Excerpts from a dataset
↓
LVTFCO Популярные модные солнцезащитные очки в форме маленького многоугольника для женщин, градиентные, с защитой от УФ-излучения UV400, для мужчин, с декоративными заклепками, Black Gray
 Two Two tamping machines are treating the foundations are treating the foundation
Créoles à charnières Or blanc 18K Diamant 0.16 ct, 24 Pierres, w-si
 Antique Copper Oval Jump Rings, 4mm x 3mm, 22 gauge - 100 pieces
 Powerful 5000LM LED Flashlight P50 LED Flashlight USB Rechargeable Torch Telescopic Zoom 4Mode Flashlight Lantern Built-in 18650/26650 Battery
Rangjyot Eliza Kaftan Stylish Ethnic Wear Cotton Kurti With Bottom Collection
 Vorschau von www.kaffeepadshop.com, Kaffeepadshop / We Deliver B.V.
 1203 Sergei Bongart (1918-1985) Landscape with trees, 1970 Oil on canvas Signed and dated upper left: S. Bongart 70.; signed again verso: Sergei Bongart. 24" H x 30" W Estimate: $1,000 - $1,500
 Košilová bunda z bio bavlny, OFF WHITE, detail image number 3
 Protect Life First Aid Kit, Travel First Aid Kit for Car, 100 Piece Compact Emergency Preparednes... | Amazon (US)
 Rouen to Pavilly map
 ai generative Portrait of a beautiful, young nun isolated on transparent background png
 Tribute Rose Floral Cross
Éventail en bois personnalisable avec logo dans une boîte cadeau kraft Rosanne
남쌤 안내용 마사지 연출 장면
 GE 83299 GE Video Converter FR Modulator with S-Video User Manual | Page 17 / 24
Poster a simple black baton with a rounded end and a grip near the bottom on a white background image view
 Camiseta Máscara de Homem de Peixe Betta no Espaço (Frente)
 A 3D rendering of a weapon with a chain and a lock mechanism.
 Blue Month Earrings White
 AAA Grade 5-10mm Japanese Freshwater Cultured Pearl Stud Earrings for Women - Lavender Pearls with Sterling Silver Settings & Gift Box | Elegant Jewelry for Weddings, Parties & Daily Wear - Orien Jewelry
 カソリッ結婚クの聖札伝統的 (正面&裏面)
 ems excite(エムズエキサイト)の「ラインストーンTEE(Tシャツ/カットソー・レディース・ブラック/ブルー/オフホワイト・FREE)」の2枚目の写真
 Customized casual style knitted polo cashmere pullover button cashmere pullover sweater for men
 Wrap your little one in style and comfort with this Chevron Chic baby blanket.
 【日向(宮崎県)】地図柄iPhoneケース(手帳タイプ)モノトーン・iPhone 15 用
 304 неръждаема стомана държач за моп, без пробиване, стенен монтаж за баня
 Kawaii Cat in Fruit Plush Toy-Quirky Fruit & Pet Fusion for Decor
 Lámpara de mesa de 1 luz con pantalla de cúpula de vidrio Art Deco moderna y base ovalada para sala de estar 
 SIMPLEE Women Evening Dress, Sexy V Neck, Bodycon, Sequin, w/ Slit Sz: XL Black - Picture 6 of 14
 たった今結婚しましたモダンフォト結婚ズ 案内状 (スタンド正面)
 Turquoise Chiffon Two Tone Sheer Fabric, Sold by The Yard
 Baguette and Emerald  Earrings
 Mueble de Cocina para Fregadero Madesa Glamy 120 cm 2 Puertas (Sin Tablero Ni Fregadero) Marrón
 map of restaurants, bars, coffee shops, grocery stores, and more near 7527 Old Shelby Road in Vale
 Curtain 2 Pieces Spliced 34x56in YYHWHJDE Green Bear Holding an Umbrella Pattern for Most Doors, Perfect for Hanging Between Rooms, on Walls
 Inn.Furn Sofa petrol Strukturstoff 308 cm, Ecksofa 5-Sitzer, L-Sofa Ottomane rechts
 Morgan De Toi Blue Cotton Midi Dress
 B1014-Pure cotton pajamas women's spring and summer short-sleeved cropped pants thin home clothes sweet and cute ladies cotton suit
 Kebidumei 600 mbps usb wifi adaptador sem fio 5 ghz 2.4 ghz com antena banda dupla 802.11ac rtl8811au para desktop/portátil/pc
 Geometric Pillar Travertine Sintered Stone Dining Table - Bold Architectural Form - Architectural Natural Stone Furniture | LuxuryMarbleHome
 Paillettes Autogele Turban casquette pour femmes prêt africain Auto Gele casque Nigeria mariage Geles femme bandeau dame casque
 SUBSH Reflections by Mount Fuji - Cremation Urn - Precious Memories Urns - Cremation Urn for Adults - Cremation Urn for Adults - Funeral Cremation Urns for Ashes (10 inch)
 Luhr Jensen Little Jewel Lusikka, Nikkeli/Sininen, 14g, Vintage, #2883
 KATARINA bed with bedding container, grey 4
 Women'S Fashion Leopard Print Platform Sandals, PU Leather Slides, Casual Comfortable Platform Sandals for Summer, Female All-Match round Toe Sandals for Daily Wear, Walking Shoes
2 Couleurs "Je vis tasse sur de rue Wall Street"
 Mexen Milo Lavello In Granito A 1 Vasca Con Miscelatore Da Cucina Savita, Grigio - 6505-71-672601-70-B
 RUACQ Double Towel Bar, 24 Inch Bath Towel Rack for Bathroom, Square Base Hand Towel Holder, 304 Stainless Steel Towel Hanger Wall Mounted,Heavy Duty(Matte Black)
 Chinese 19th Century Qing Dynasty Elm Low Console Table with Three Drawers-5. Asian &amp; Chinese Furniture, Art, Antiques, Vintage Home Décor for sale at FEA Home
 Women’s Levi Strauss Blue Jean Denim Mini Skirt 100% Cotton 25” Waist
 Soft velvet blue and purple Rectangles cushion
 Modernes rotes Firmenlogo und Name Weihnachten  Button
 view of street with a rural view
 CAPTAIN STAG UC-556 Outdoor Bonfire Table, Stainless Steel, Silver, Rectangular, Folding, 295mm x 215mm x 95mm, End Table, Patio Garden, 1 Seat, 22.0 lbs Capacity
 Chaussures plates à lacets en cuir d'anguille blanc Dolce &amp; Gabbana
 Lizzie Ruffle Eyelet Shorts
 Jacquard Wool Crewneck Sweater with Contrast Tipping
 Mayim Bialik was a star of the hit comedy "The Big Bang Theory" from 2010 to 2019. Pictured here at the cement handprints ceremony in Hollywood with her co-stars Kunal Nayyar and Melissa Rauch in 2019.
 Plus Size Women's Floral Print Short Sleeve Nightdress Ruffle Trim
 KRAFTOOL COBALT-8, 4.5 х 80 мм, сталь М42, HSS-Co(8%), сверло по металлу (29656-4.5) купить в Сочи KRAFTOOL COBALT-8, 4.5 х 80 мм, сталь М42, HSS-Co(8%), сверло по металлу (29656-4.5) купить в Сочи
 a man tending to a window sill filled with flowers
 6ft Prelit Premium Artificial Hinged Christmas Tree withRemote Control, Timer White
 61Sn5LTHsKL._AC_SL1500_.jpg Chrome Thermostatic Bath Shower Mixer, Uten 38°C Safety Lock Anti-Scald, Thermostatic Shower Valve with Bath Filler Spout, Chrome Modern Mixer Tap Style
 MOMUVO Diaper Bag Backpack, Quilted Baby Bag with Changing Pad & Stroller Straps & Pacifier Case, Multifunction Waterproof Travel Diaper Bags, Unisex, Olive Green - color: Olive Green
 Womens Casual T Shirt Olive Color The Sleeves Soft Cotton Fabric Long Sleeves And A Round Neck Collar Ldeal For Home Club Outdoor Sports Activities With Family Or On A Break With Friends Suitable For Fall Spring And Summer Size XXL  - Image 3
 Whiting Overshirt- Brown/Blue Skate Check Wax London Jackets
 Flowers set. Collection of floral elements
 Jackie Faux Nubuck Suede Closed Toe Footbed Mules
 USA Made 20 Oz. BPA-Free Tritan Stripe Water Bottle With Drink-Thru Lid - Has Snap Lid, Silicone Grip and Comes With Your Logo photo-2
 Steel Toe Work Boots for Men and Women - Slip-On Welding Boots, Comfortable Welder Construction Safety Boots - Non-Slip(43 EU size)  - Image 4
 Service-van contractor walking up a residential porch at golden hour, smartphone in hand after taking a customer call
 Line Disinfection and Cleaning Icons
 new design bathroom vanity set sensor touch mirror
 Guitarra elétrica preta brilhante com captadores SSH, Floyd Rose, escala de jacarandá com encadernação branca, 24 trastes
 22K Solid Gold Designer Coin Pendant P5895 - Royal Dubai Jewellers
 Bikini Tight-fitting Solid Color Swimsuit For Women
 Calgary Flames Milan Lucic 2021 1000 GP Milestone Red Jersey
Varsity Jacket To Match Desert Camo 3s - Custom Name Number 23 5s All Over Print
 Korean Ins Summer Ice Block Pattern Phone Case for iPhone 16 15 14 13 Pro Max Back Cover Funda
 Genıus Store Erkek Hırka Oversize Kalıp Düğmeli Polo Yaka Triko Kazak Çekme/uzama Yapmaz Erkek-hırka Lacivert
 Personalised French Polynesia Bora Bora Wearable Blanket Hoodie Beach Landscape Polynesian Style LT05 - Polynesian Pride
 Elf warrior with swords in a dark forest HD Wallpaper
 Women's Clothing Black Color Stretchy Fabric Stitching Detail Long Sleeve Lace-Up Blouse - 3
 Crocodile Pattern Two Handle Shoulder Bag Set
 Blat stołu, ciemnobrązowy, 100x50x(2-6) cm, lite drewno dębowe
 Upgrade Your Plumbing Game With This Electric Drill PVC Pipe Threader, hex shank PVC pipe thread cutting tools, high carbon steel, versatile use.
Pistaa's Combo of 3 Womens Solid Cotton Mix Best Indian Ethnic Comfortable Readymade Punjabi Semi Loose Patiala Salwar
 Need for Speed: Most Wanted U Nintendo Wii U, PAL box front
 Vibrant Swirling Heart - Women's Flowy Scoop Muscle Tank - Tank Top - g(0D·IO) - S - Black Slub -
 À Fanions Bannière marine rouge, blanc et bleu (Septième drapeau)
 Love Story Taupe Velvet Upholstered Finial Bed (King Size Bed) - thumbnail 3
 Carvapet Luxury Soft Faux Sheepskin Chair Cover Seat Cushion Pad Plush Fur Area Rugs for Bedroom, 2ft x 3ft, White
↑
_Problem description_
All that belongs in the answer is the run of lines above from the line containing "Wrap your little" through the line containing "KATARINA bed with bedding container, grey 4", exactly as written.

_Exercise answer_
 Wrap your little one in style and comfort with this Chevron Chic baby blanket.
 【日向(宮崎県)】地図柄iPhoneケース(手帳タイプ)モノトーン・iPhone 15 用
 304 неръждаема стомана държач за моп, без пробиване, стенен монтаж за баня
 Kawaii Cat in Fruit Plush Toy-Quirky Fruit & Pet Fusion for Decor
 Lámpara de mesa de 1 luz con pantalla de cúpula de vidrio Art Deco moderna y base ovalada para sala de estar 
 SIMPLEE Women Evening Dress, Sexy V Neck, Bodycon, Sequin, w/ Slit Sz: XL Black - Picture 6 of 14
 たった今結婚しましたモダンフォト結婚ズ 案内状 (スタンド正面)
 Turquoise Chiffon Two Tone Sheer Fabric, Sold by The Yard
 Baguette and Emerald  Earrings
 Mueble de Cocina para Fregadero Madesa Glamy 120 cm 2 Puertas (Sin Tablero Ni Fregadero) Marrón
 map of restaurants, bars, coffee shops, grocery stores, and more near 7527 Old Shelby Road in Vale
 Curtain 2 Pieces Spliced 34x56in YYHWHJDE Green Bear Holding an Umbrella Pattern for Most Doors, Perfect for Hanging Between Rooms, on Walls
 Inn.Furn Sofa petrol Strukturstoff 308 cm, Ecksofa 5-Sitzer, L-Sofa Ottomane rechts
 Morgan De Toi Blue Cotton Midi Dress
 B1014-Pure cotton pajamas women's spring and summer short-sleeved cropped pants thin home clothes sweet and cute ladies cotton suit
 Kebidumei 600 mbps usb wifi adaptador sem fio 5 ghz 2.4 ghz com antena banda dupla 802.11ac rtl8811au para desktop/portátil/pc
 Geometric Pillar Travertine Sintered Stone Dining Table - Bold Architectural Form - Architectural Natural Stone Furniture | LuxuryMarbleHome
 Paillettes Autogele Turban casquette pour femmes prêt africain Auto Gele casque Nigeria mariage Geles femme bandeau dame casque
 SUBSH Reflections by Mount Fuji - Cremation Urn - Precious Memories Urns - Cremation Urn for Adults - Cremation Urn for Adults - Funeral Cremation Urns for Ashes (10 inch)
 Luhr Jensen Little Jewel Lusikka, Nikkeli/Sininen, 14g, Vintage, #2883
 KATARINA bed with bedding container, grey 4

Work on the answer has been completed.